By Paul Gardner
It hadn't occurred to me to judge the worth of a soccer league by looking at whether coaches like it or not, but since Jose Mourinho brought the subject up recently I've given it some thought.
Mourinho has let it be known that he much prefers coaching in England to coaching in Italy (where he is currently employed at Inter Milan). "English soccer," he says, "is like a paradise for coaches, who can look to the future without fearing criticism, without pressure."
Are we supposed to take that seriously? Surely not. Mourinho got himself fired by Chelsea because he didn't get results -- and, it is said, because his team was playing a rather bland style of soccer that owner Roman Abramovich didn't appreciate.
No, the remarks sound tongue in cheek. I would bet that he made them more as a criticism of Italian soccer, which he compared unfavorably with the English Premier League. Italians are too obsessive, he says, they worry too much about results -- "Here it's just about results, results, results, there's too much drama."
Again, he cannot possibly mean what he's saying. Results aren't important in the EPL? And as for drama, Mourinho himself saw to it, during his time at Chelsea, that there was plenty of drama, and usually managed to place himself at the center of it.
Mourinho ended his Philippic with what surely was a joke, alleging that more coaches go grey in Italy than in England. You could almost imagine that Mourinho is angling for a return to coaching in England.
That thought is supported by Mourinho's criticism of English soccer, the game as played on the field. He didn't like this weekend's enthralling 4-4 tie between Arsenal and Liverpool. Why? Well, he didn't spell it out. It was hardly necessary, because we know how coaches think about high-scoring games.
Obviously, there were too many goals. Mourinho says simply that "As a coach, I don't like to see a game like Liverpool vs. Arsenal ... it means that technically something went wrong." And presumably, if Mourinho were invited back to England he would ensure that such technical slip-ups would not happen with his club.

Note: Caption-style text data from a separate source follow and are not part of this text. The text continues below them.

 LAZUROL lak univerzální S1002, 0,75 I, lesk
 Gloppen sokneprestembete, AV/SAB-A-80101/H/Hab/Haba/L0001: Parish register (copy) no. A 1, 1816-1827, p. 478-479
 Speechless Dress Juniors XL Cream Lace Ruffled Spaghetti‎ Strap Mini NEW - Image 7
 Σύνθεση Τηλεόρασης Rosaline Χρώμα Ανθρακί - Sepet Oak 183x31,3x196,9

That seems to me to be about the only part of Mourinho's comments that one can take seriously. He is telling us, as many coaches -- modern coaches that is -- have told us before, that soccer should not be about scoring goals, it should be about preventing them. We are confronted, for the umpteenth time, with the anomaly that a highly entertaining game is viewed with distaste, virtually condemned, by the coaches. "I understand that these games excite the fans ... it's wonderful for those who buy tickets or watch the game on television ..." says Mourinho. But he'll do whatever is within his coaching powers to make sure they don't happen.

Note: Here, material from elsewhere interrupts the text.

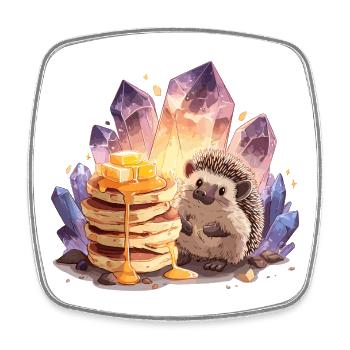Sedgehog pancakes et cristaux - Magnet carré - blanc - Devant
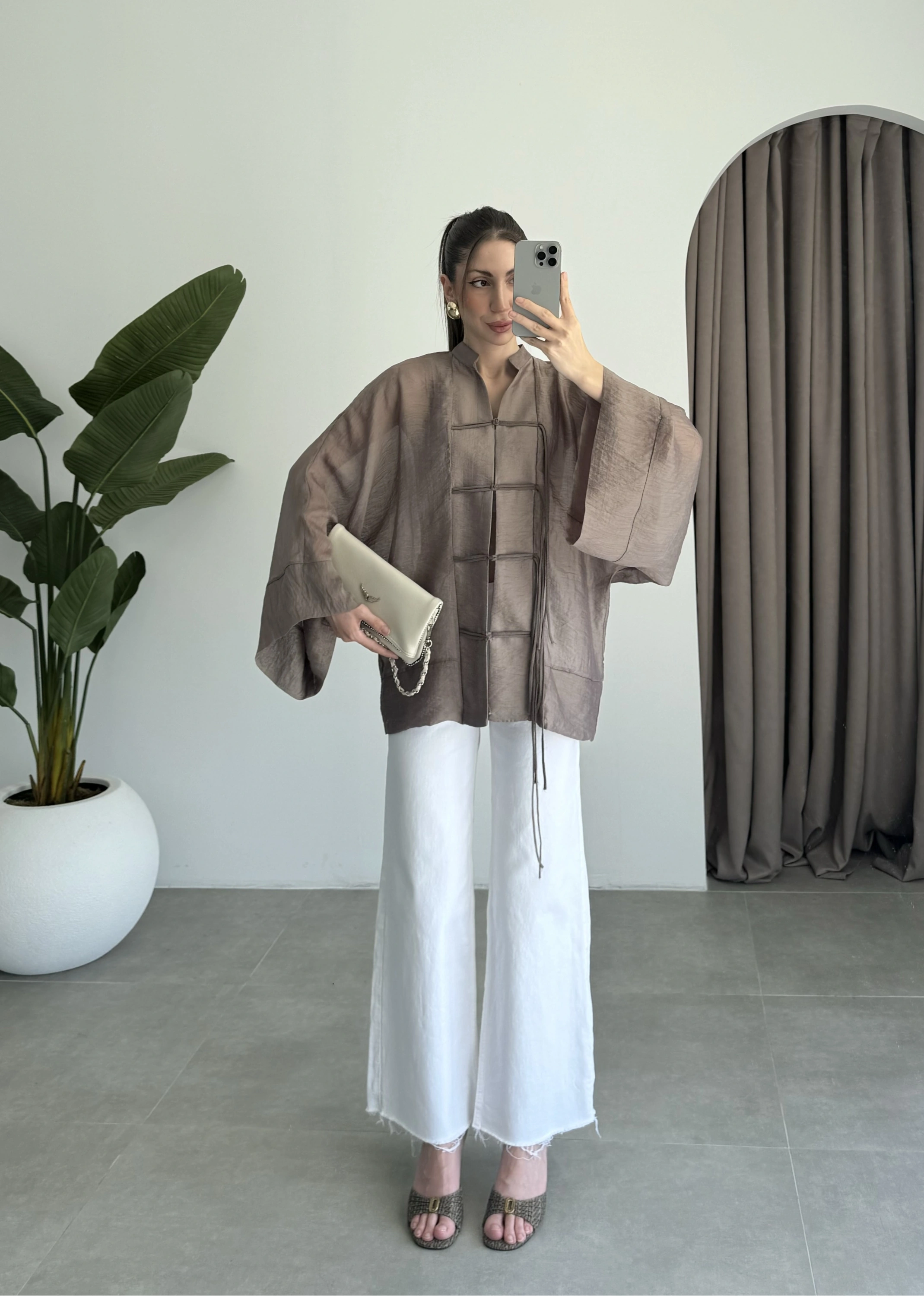 Çin Düğmeli Bronz Gömlek Kimono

No, 4-4 games evidently do not fit into Mourinho's vision of England as a coaching paradise. But his remark about being able to work in England "without pressure," fanciful as it is, would be on anyone's list of desirable attributes to any job.

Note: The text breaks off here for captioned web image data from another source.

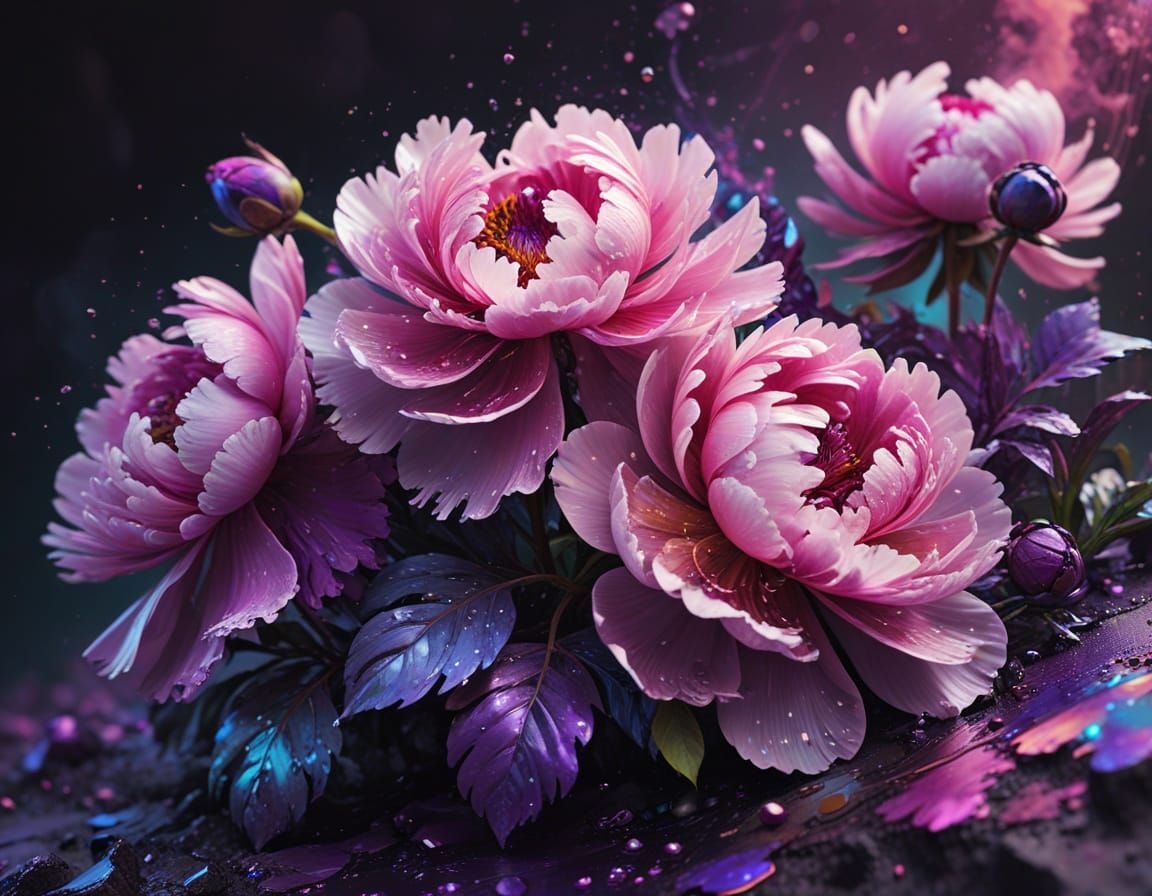 Whimsical Spring Peonies Bloom in a Dreamy Grunge Palette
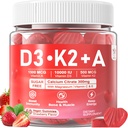 Vitamín D3 10000iu + K2 MK7 + Gumičky s horčíkovým zinkom vápenatým pre ženy a mužov, vysoká potencia ADK vitamín doplnok podporuje zdravý imunitný systém, funkcia kostí a zraku, bez cukru 120 Cts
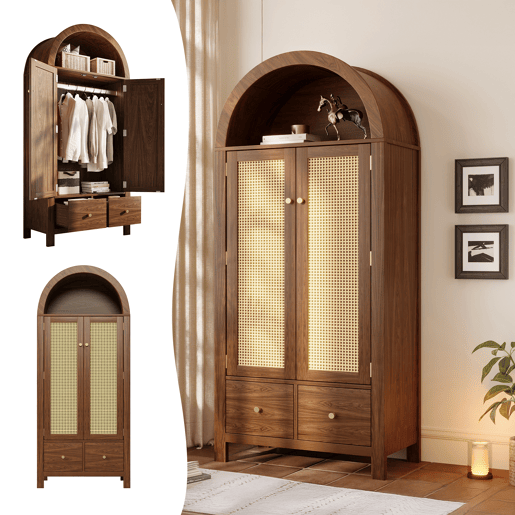Roupeiro de madeira maciça com 2 portas batentes e 2 gavetas,noz Roupeiro de madeira maciça com 2 portas batentes e 2 gavetas,noz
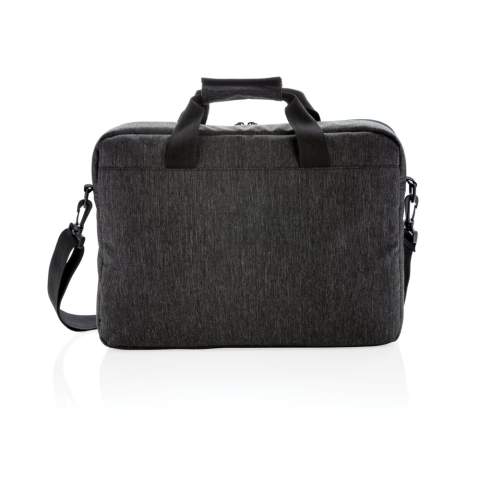 900D laptoptas met hoofdcompartiment voor een 15" laptop. Voorvak met rits voor accessoires. Met versterkte handgrepen en een gevoerde schouderriem die op verschillende manieren kan worden gebruikt. PVC vrij.<br /><br />FitsLaptopTabletSizeInches: 15.6<br />PVC free: true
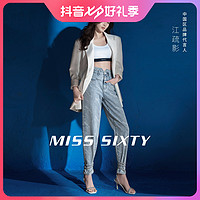 抖音超值购：MISS SIXTY [江疏影同款]Miss Sixty春秋新款牛仔裤女直筒字母印花高腰显瘦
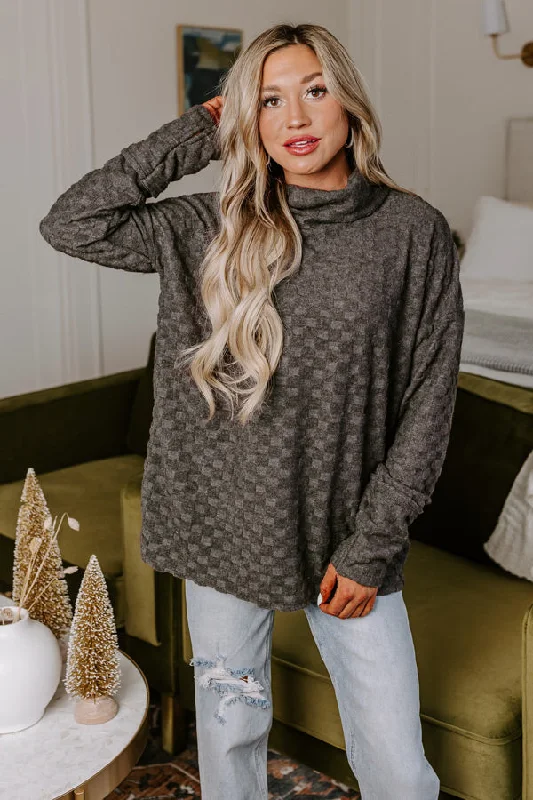 Versatile Style Wardrobe Luxury Women's Clothes Whispering Winds Sweater Top in Charcoal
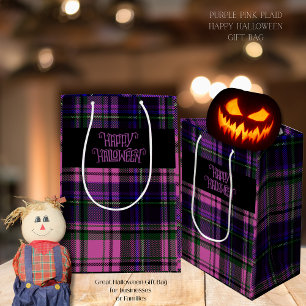 Purple Pink Happy Halloween Plaid Gift Bag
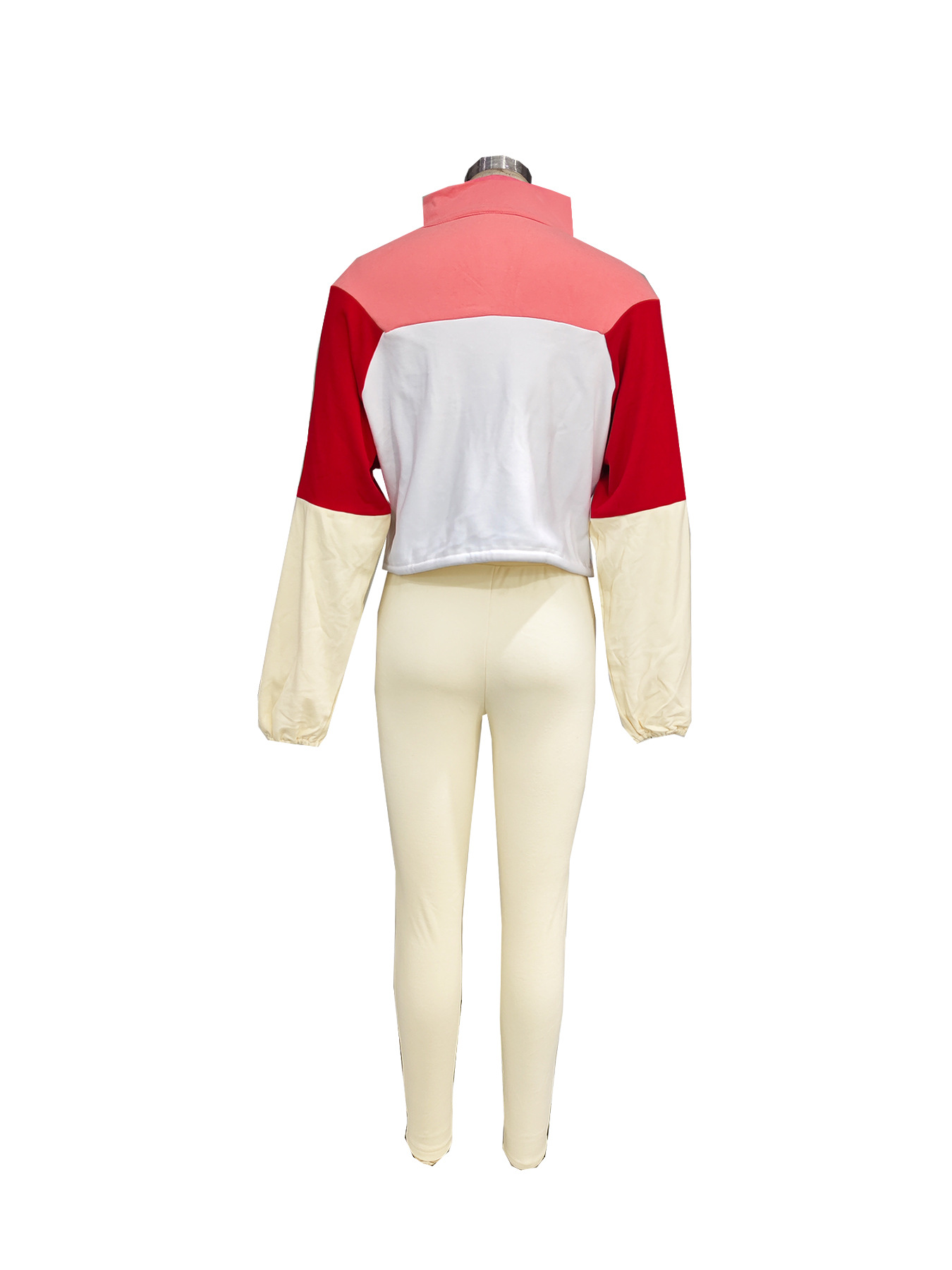 Autumn Contrast Color Zipper Patchwork Top Tight Fitting Pants Sports Two-Piece Set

Taking that as the most obvious of sign of coaching paradise, then I must inform Mourinho that the real soccer El Dorado lies right here in the USA. In MLS. A growing league in a country where the two main sources of pressure for the coaches -- hordes of critical and impatient fans, and aggressive media coverage -- have yet to appear.
I must have attended hundreds of postgame press conferences in this country -- from high school through college and so on up to U.S. national team games -- and I've never seen any of them get heated. Never, not a single one. The coaches have got it made here.
If Bruce Arena's hair turns white overnight -- or Juan Carlos Osorio's or Frank Yallop's -- it won't be because of the sort of pressure that is associated with pro coaching in country's like England or Italy.
Pro soccer coaching is, for the moment, a rather gentlemanly affair in this country. The idea of two MLS coaches getting into the sort of verbal spat that has recently erupted between ManU's Alex Ferguson and Liverpool's Rafa Benitez is unthinkable. It would be pleasant if it could remain that way, but the lack of such outbursts will be seen by MLS critics as a sign of the league's immaturity.
Probably, that is so. I'm not exactly advocating that press conferences should all end in fisticuffs, but I'd have to say that the tranquility that Mourinho sees as a sign of paradise, too often comes over as simply boring.
If that sounds like a criticism of MLS coaches, it is not meant to be. It is more a criticism of myself and my fellow journalists for being too mild, almost apologetic, in our questioning of those coaches, and for helping to maintain a coaching paradise.